Supplementing CATS: What does a given rpg ask of its players?

While CATS (https://200wordrpg.github.io/2016/supplement/2016/04/12/CATS.html) will give people a good idea of what a given game should be like, it isn’t very specific on what players will need to do to get there. Especially in light of discussions around GMless rpgs, but not exclusively, I think it would be nice to have a CATS-like framework for making sure people know what they signed up for, what a given game or gaming group will ask of them. There might be some overlap between this and explaining/facilitating/teaching the actual game?

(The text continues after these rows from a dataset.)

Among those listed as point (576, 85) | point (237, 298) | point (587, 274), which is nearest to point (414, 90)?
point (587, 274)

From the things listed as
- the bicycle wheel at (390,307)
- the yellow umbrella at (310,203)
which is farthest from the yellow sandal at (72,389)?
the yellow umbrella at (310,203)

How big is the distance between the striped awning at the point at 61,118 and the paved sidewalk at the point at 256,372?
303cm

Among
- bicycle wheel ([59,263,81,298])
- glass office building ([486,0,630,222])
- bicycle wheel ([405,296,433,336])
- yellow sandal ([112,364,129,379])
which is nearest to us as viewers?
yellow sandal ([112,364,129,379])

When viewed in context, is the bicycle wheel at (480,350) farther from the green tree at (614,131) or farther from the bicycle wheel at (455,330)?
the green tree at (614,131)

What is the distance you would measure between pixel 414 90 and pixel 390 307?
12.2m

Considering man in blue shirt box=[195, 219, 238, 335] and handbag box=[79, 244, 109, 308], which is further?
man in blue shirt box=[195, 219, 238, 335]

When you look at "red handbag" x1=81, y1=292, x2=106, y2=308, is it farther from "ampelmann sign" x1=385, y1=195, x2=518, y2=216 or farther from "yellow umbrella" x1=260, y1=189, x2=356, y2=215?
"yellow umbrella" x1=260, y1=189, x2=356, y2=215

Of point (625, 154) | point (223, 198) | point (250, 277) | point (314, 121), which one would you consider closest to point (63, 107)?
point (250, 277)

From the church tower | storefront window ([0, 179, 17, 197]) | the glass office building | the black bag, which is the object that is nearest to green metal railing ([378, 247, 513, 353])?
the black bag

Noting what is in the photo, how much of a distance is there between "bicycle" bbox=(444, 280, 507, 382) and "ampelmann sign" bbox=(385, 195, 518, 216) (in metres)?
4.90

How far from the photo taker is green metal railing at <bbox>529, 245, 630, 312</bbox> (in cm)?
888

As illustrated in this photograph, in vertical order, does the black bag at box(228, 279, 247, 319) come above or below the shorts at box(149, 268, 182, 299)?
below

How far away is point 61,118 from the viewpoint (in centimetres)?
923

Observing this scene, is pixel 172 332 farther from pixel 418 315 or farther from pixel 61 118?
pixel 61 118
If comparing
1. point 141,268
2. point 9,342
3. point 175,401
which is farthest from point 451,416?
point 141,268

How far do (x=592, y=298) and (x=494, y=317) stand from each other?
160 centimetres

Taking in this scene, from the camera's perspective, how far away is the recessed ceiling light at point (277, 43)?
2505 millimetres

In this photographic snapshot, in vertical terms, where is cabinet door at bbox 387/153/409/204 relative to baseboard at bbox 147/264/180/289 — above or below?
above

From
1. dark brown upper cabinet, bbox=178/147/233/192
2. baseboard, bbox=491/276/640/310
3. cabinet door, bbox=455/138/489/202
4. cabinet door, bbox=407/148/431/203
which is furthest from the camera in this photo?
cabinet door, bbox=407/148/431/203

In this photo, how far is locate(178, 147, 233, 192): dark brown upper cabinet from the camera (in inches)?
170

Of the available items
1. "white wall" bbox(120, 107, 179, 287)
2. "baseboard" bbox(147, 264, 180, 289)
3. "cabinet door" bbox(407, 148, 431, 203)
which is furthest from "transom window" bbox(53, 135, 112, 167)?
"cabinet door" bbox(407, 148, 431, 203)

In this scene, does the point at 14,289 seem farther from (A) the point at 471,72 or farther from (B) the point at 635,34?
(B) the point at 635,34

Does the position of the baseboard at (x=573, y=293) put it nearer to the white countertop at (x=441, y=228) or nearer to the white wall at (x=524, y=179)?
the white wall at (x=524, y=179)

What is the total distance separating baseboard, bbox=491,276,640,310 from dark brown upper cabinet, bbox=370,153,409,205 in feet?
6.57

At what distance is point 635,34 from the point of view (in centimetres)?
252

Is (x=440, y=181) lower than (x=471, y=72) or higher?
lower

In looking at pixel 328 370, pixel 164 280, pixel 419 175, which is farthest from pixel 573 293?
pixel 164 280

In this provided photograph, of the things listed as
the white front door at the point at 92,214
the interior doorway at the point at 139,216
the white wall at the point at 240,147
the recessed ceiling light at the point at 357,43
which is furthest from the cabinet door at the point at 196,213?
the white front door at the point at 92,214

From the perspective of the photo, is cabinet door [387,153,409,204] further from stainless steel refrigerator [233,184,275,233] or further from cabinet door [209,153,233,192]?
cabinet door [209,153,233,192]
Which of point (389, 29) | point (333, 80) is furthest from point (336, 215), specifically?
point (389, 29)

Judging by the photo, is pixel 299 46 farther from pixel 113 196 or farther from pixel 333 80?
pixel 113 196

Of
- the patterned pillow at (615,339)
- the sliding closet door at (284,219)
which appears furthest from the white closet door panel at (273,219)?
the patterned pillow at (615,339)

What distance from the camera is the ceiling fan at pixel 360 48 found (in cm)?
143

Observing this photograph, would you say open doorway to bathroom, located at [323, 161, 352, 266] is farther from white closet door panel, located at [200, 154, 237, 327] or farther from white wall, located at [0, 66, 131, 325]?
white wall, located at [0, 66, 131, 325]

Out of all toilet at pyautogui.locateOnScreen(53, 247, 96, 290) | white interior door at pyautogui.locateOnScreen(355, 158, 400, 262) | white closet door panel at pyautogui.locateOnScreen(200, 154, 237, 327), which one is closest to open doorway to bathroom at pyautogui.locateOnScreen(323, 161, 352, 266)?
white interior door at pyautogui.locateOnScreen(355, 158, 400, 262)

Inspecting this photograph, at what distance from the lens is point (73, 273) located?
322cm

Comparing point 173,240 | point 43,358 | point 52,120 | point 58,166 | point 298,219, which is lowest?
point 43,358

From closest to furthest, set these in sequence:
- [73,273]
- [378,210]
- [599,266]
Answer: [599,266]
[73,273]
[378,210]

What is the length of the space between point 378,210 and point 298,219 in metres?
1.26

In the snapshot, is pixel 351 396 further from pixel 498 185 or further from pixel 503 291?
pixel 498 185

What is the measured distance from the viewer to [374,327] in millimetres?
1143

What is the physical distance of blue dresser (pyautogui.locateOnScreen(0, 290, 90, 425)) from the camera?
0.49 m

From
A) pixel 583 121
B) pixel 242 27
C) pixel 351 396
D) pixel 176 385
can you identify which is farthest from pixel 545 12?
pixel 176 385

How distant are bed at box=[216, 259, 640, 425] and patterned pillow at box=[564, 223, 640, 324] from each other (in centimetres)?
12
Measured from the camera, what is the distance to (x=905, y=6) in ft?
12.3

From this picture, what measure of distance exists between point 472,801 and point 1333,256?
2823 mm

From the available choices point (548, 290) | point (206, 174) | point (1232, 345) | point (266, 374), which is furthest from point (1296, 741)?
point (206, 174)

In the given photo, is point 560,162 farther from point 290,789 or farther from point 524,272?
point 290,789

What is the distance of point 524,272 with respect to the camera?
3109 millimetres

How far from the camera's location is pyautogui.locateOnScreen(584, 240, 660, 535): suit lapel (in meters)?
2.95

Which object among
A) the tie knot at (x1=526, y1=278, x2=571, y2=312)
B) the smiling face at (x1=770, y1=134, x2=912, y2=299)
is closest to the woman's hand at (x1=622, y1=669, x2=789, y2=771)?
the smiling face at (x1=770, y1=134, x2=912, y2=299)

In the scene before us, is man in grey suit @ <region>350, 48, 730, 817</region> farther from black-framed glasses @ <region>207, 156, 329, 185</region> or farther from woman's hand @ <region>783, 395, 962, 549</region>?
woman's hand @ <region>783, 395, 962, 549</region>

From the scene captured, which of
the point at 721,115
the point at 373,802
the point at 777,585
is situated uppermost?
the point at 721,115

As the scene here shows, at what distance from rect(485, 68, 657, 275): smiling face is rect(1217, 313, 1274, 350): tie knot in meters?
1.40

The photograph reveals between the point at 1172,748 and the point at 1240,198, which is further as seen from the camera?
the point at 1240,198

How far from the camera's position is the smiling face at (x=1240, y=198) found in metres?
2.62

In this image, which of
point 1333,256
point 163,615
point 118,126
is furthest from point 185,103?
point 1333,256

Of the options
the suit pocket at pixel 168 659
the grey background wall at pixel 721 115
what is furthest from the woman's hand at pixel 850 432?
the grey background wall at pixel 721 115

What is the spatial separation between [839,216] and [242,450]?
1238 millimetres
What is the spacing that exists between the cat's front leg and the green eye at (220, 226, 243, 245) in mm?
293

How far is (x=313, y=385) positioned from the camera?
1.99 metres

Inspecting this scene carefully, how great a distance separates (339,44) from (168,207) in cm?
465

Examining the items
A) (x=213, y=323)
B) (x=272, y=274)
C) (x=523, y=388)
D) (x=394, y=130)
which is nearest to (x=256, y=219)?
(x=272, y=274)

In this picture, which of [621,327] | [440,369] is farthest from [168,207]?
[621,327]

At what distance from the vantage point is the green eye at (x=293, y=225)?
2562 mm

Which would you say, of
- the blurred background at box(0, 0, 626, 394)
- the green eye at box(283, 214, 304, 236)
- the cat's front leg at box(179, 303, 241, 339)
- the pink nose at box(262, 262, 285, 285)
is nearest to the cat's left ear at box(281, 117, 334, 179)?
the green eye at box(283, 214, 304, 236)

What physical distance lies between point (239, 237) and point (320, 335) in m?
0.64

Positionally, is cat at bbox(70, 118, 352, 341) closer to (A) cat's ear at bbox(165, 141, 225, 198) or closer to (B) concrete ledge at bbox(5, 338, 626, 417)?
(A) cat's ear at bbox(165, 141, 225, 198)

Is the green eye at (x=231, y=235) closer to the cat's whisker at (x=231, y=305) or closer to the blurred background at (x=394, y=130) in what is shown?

With help from the Gauntlet Slack, I came up with some rough ideas for categories and for what would be important to tell people upfront:

Play

  • your character
  • side characters
  • how much of a connection must be made? 1st person? What would my character do?

Invention

  • setting/history
  • descriptions/events/locations
  • scenes/situations
  • characters/relationships/background
  • react to a prompt
  • flesh out a random element
  • answer to questions
  • judgement/task/scene resolution
  • interpretations
  • plans/tactics/strategies

Math

  • move tokens
  • dice mechanics
  • stats

Notes

  • making
  • mapping

Learning

  • setting
  • genre
  • rules/special abilities/moves/maneuvers

Support

  • helping
  • making space, especially in games without turn structure
  • check in/use safety tools

There should probably be a way to highlight points that have proven to be especially difficult for people in play.

An Example:
Fiasco. In this rpg you play your character and might be asked to play side characters in other people’s scenes. There is a setup phase to create your character and connect them to others, building a situation. In play, when it’s your turn, you may choose to frame or to resolve a scene. On someone else’s turn you might be asked to help frame a scene collaboratively. This will usually give everyone enough description to act in the framed situation as their characters would, so framing a scene will likely be the most difficult thing you’ll have to do in Fiasco, especially since there aren’t any prompts or random tables to use as concrete jumping off points. There is some light math (subtraction of dice results). You don’t need to make notes since everything important will already be on index cards after the setup and because Fiasco is a oneshot game. The game mechanics are very simple, barely exceeding what has been said here. There will be a facilitator. As said, you might be asked to support other players by framing scenes and playing side characters.

Does supplementing CATS this way make sense to people? Is that something you already do and how? What do you think of the framework presented above?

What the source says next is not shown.